The Merih Celasun Award Winner: "The Extension of Compulsory Education Has Reduced the Number of Child Brides."

A study that examines the impact of education on marriage and birth rates reveals that the reform has increased the schooling rates for girls, especially in the rural Turkey.

ANKARA – The extension of compulsory education from five to eight years has increased schooling rates and decreased the number of teenage marriage and births in Turkey. The findings of the TEPAV 2012 Merih Celasun Award winner study, titled “The Effects of Compulsory Schooling Laws on Teenage Marriage and Births in Turkey,” was presented and discussed during a panel meeting at TEPAV on Tuesday, 28 May 2013.

In his opening address, TEPAV Entrepreneurship Institute Director and Awards Jury member Prof. Dr. Serdar Sayan said that all of the articles that had been submitted for the TEPAV 2012 Merih Celasun Award competition had been highly qualified. He said, “All the studies were intriguing and based on creative ideas. The jury members said they had difficulty in deciding the winning study.”

The TEPAV 2012 Merih Celasun Award was presented to the authors of the winner article, Associate Professor Dr. Murat G. Kırdar and Associate Professor Dr. Meltem Dayıoğlu of Middle East Technical University, and Professor Dr. İsmet Koç of Hacettepe University.

During the presentation, co-author Murat Kırdar stated that despite the general increase in the age of first marriage, teenage marriage and birth rates remained at significant levels in Turkey. The study examined the impact of the education reform program implemented in the 1997-98 academic year, which extended compulsory schooling from 5 to 8 years, on marriage and birth behavior by comparing the results for the number of children born before 1987 with that of those born in or after 1987.

Larger impact on girls in rural areas

The most striking finding of the study was that with the reform, the rate of 8th grade completion among females living in urban areas, considered as the most disadvantageous group, increased by almost 40 percentage points, from 20-30 percent to 60 percent. In urban areas, the rates of increase were 18 points for females and 13 points for males. The reform also improved schooling rates at high school level significantly, although the rate of increase was higher for males than females. Kırdar said, “The impact of the reform at high school level was stronger in urban areas. This might be explained by the fact that men feel the need to distinguish themselves via education in order to join the labor force more than women do.”

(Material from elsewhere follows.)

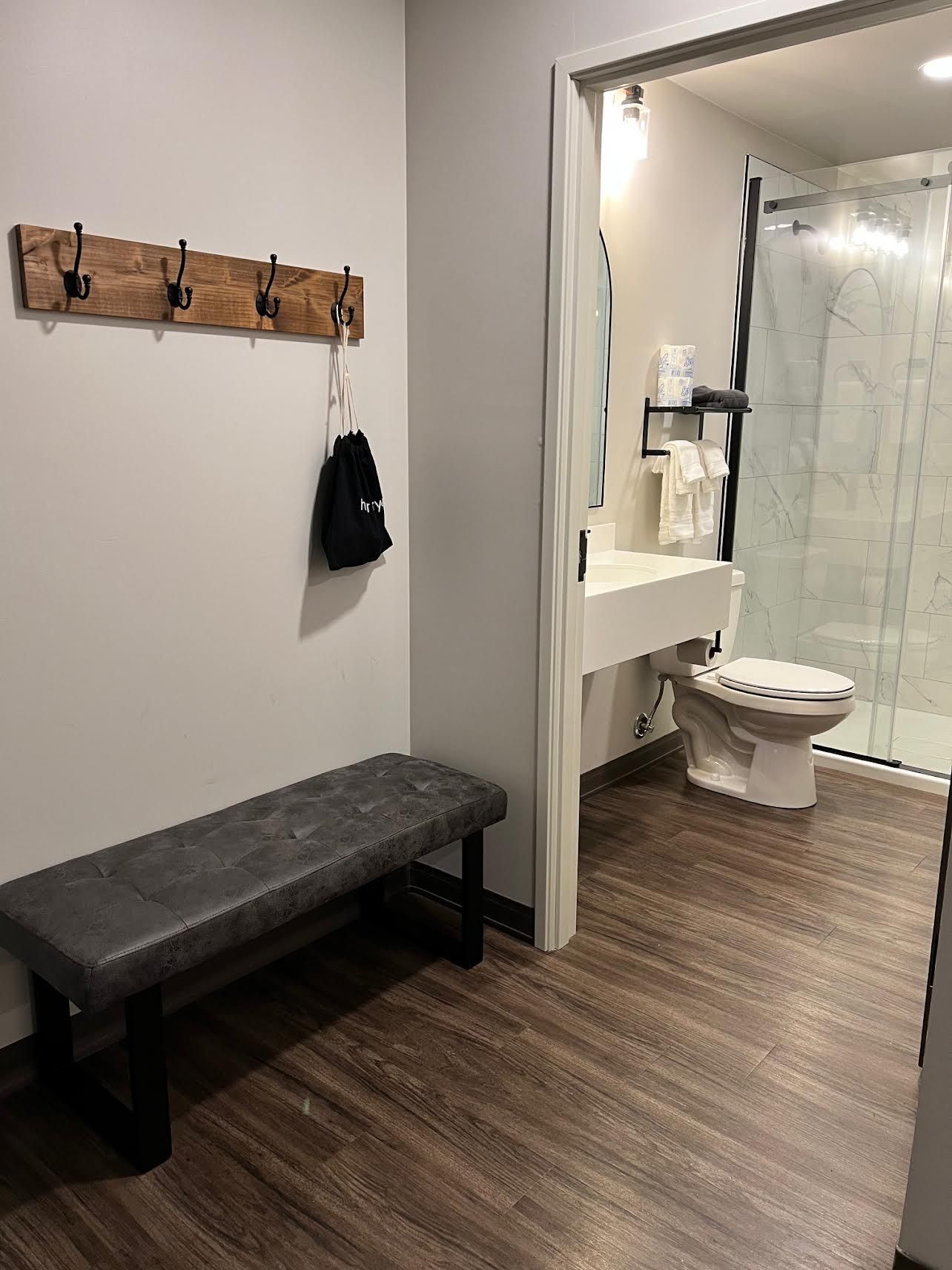 Bathroom entry with bench, coat rack, and partially visible shower stall.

According to the study, without the reform 7.4 percent of the girls would have married at the age of 16 and 21 percent at the age of 18, while the rates decreased to 4.6 percent and 16.5 percent, respectively, after the reform. Stating that for the cohort above 19, birth rates decreased from 16 percent to 11 percent after the reform, Kırdar said, “The declines in marriage and birth rates were not limited to compulsory education.”

Kırdar said that the new compulsory schooling policy affected teenage marriage rates via the incarceration effect rather than the human capital affect.

Concerns about RPBSs and mobile education

During the discussion, Kırdar talked about the positive impact of regional primary boarding schools and mobile education services on improving schooling rates in urban areas and said that the new 4+4+4 reform in education raised concerns in this respect. He added that they were going to monitor the implementation process in this regard.

“Important for the emancipation of women”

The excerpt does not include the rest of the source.